The High Court has unanimously ruled that an employer breached the Fair Work Act 2009 (FWA) when it misrepresented to its employees that they were engaged as independent contractors and not employed as employees.
The employer had set up an arrangement for two of its employees to be independent contractors with a third party. The third party under a labour hire agreement then offered the services of the workers back to the employer. The High Court found that the employees ‘continued to perform precisely the same work … in precisely the same manner as they had always done. In law, they never became independent contractors’.
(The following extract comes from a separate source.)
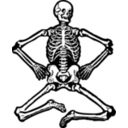 download Skeleton clipart image with 0 hue color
The FWA prohibits an employer misrepresenting employment as an independent contracting arrangement. The High Court disagreed with the Federal Court’s narrower interpretation of the relevant provision of the FWA saying that the provision’s purpose ‘is to protect an individual who is in truth an employee from being misled by his or her employer about his or her employment status’.
The High Court held that it was a sham arrangement and found it is the ‘status of an employee which attracts the existence of workplace rights’.
The case demonstrates how difficult an area of law this can be for business owners, with the employer previously successfully arguing that the relevant FWA provision had not been breached at the original Federal Court hearing and then on appeal to the Full Federal Court.
This High Court ruling sends a clear warning to business owners about entering sham independent contractor arrangements in an effort to avoid obligations towards employees. The High Court reminded us of that old adage: if you have a rooster don’t call it a duck and insist that everyone else call it a duck.